Dorkatron are a straight-up pop-punk band from Austria. Featuring ex-members of DeeCracks, the band arguably gained their most attention in 2017 when they released a Star Wars themed track, ‘May 4th’…at a timely moment in December. Such a funny thing to do. Perhaps they were inspired by the chaos and bewilderment of The Star Wars Holiday Special? Whatever, the main thing you need to know about Dorkatron is that despite not having the best name in the world, they create fine, fine melodic punk; better than a lot of the tunes given to the world by DeeCracks themselves, in fact, since, above all else the vocals on this second EP are hugely melodic. …And when it comes to a bit of longevity, that’s quite important.
Kicking things off with a bona-fide belter, ‘Is She Really Going Out Tonight’ takes a Ramonescore influence and strips it back to its bare essence. Powering a verse with a single chord between vocal lines, there’s a fine balance between guts and melody, before switching to something a little more traditional structured around three chords. With a balance between power, speed and melody very much at the heart of the tune, it’s no surprise when everything turns out more like Dan Vapid & The Cheats than DeeCracks themselves.
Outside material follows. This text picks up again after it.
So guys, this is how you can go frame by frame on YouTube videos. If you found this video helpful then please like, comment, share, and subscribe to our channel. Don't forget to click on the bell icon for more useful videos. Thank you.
The inclusion of a harmony filled chorus takes things up another notch and what transpires is a track that’s every bit as good as some better known acts. If you like Dan Vapid, the much missed Enemy You or Chixdiggit!, you’ll adore this, without question. With a hook that spells out the titular heroine’s name, ‘Luise’ is as catchy as fuck. Tapping into the kind of arrangement that fills most of Dan Vapid’s best work, the band motor through some tight punk, but the commercial edge – again – is where the appeal really lies. The guitar tones are crisp yet melodic; the gang vocals are spot on. The aforementioned chorus is one you’ll remember long after the disc stops spinning…great enough not to be outdone by a round of utterly shameless “gabba gabba hey”s en route.
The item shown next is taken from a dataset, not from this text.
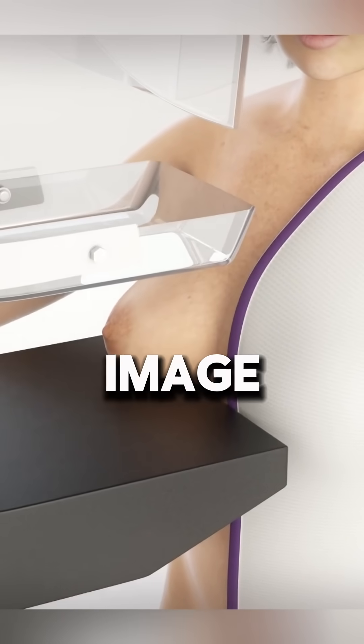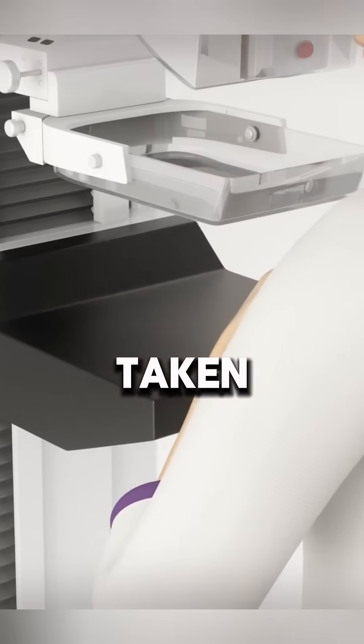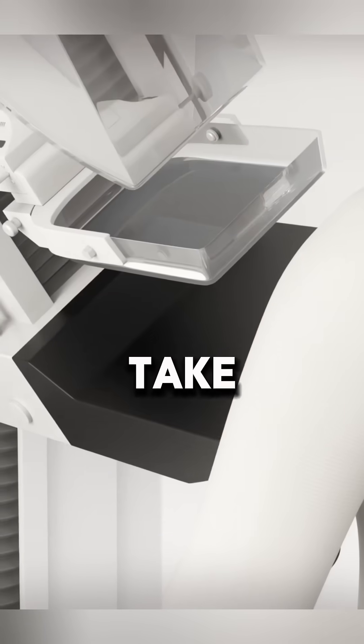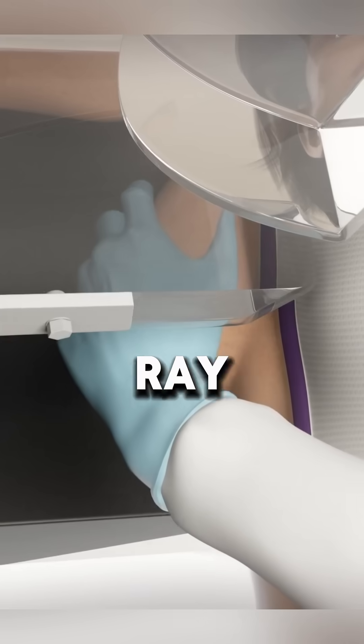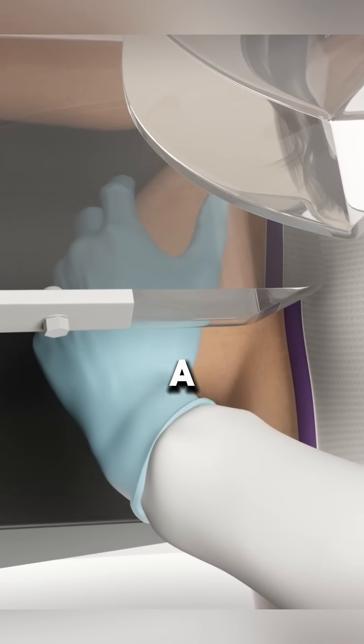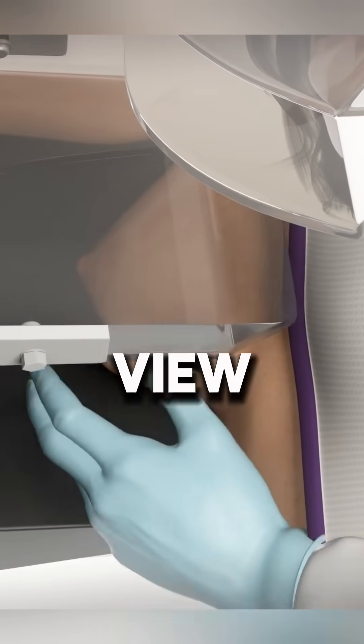After the first image is taken, the machine is repositioned to take another x-ray from a different angle to get a more complete view.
‘Chemical Reaction’, if anything, makes the Ramones love even more obvious. With the influences presented in such a brazen way, it’s more than possible to hear bits and pieces lifted from the ‘Rocket To Russia’ album throughout and then slightly re-dressed in a shinier new suit, as per 90s bands like The Lillingtons and Enemy You. There aren’t any vocal steals this time out but, once again, the lead vocal is perfect – lending a pop-edge to a fine set of pop-punk and power pop chords, but the way the backing vocals drop in is absolutely classic. While the blatant Ramones steals are likely to win everyone over in a heartbeat, a mention must also be given to some great gang vocals which, obviously, really help to drive a fun hook home. ‘Lunch Money’ taps more into the band’s favoured dorky humour, presenting something that could even be Enemy You with its driving riffs contrasted by slightly shiny vocals. The big draw here, though, is the chorus regarding some pilfered small change which makes fantastic use of gang vocals. Stopping dead at a minute and half, this seems as if it pulls out before one last verse could make it truly special, but in terms of what we’ve got, it’s still brilliant.
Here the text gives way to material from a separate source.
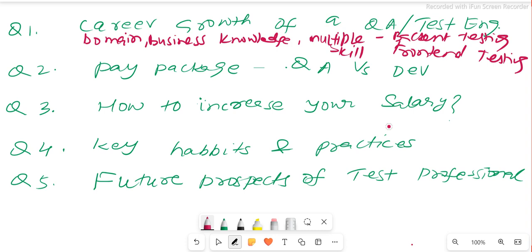Compared with a development engineer, a QA engineer needs far more breadth. A back-end engineer focuses on coding like microservices on the server side, while a front-end engineer works on UI and web. The QA engineer has an edge over both because when you combine domain knowledge, business understanding, and multiple skills, you become a much better person in terms of holistic understanding of the business.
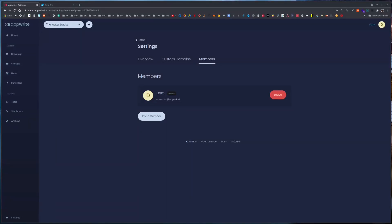Namaste and welcome to day 11 of 30 days of AppRite. Today we will learn about emails in AppRite, how AppRite handles email and how we can set up SMTP in order to properly deliver our email.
When it comes to punk, sometimes there’s a fine line between political and frivolous and ‘Books Not Bombs’ doesn’t know whether it wants to use its generous minute to make a statement or just come across as utterly flippant. It’s the EP’s filler track, but even then, it’s hugely repetitious hook is effective, even if the music merely recycles ideas from other tracks. The title track, on the other hand, stretches further to include a melodic power pop lead guitar to counteract the speedy chords. Not always so much of the Ramones-by-numbers school, the intro adds echoes of The Only Ones for good measure. With a staccato riff driving a solid verse, there are moments where this owes as much to the 90s revival with Chixdiggit! and Fenix TX as anything, while some superb harmonies lend another great chorus some real chops.
While ‘Books Not Bombs’ could’ve been seen as disposable, tracks such as the title track and ‘Is She Really…’ suggest that Dorkatron are among the best pop-punk songwriters at the time of this release, despite their self-depreciating outward stance.
Yes, you’ve heard it all before. However, that doesn’t stop this EP’s six songs ranking among some of the best Ramonescore/pop-punk. Dorkatron have wisely realised that they don’t need to go the extra mile and/or put their own slant on things, they just need to be able to say that if ever faced with such a task, they could replicate the first three Ramones albums to near perfection. On the basis of this EP, their abilities to do so are without question.